Finally Inflation numbers break the 9.0% mark, down at 7.47%
Jan 16, 2012

Author: PersonalFN Content & Research Team

The Wholesale Price Index (WPI) inflation, after maintaining its stubbornness for nearly a year finally falls below the 9.0% mark, ending the month of December 2011 at 7.47% - its lowest level in two years. However, WPI inflation for the month of October 2011 was revised upwards at 9.87% from 9.73% earlier.

But if we observe the inflation numbers closely, it reveals that the fall has been mainly due to the high base effect witnessed for the same period last year. In December 2010, the inflation jumped to 9.45% from 8.20% for the month of November 2010, thus causing a high base effect. Moreover, the negative numbers thrown up by the food inflation were criticised by the former Chief Statistician – Mr. Pronab Sen saying, "The food inflation falling in the negative territory can be credited to both high base effect and seasonal factors. But again, I feel the food inflation numbers that we are seeing is a short-term trend. Inflation in food articles will go up again, once the base effect wears away. Food inflation will go back to 7 per cent in a few weeks."

 
Inflation bug crawling down!


(Source: Office of the Economic Advisor, PersonalFN Research)

 

Thus it would be interesting to see how the inflation numbers in the ensuing months take shape. Moreover, once again escalating crude oil prices are a worrisome factor. If oil marketing companies, take a cohesive decision with the Government to increase fuel prices to correct their under-recoveries it could prove to have a detrimental impact on overall inflation. Developments taking place globally need to be closely monitored as tensions prevailing between Iran and United States could drive up the oil prices exponentially due to supply constraints imposed on account of closure of Strait of Hormuz, a vital transit route for almost one-fifth of the oil traded globally. The impact could be immediate and as such oil prices may skyrocket by 50 per cent or more within days.

 

So, would RBI go in for a rate cut in the upcoming monetary policy review?

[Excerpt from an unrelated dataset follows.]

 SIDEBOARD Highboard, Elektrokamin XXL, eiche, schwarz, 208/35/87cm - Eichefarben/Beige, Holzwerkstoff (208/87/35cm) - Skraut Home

We believe that positive statistical effect on WPI inflation may just facilitate the RBI to maintain a status quo in its monetary policy action, at least until March 2012. Hence, policy rate cuts appear unlikely, until March 2012; but we believe taking a view of liquidity in the system a cut in the Cash Reserve Ratio (CRR) is likely to ease the liquidity crunch.

 

Policy rate tracker

Increase / (Decrease) since March 2010 At present
Repo Rate 375 bps 8.50%
Reverse Repo Rate 425 bps 7.50%
Cash Reserve Ratio 100 bps 6.00%
Statutory Liquidity Ratio (100 bps) 24.00%
Bank Rate Unchanged 6.00%

(Source: RBI website, PersonalFN Research)

 

Our View on inflation:

We believe that the high base effect in the ensuing months may further pull down the inflation numbers. However, if manufacturing item inflation and fuel inflation jumps up we may see the WPI inflation hardening. If things pan out positively, we expect WPI inflation to be in the range of 7.00% - 7.50% by March 2012.

 

What should equity investors do?

The drop in headline inflation is a positive cue for the Indian equity markets. But as mentioned earlier apart from positive impact of high base effect, the manufacturing item inflation numbers and stance on fuel price increase have to be gauged carefully. Equity investors should adopt calm and compose approach by staying invested and also investing further as, valuations in the Indian equity markets look fairly attractive and there is potential for robust future growth.

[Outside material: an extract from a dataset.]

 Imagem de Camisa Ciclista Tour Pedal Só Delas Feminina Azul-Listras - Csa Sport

While fear of downbeat economic data being disseminated from the Euro zone still remains, staggering your investments would be an appropriate approach. We recommend that you invest in diversified equity funds as this will help reduce risk. However one should stay away from U.S. or Euro oriented offshore funds in such a scenario, and instead look at investing in domestic value style equity funds. Ideally you should opt for the SIP (Systematic Investment Plan) mode of investing as this will help you to manage the volatility of the equity markets well (through rupee-cost averaging) and also provide your investments with the power of compounding.

Remember, while investing select only those equity funds which follow strong investment processes and systems, and invest with a long-term horizon of at least 5 years.

 

What should debt investors do?

Well, we think that the current situation is attractive to take exposure to debt mutual fund instruments as interest rates are likely to consolidate at these higher levels before they start going down.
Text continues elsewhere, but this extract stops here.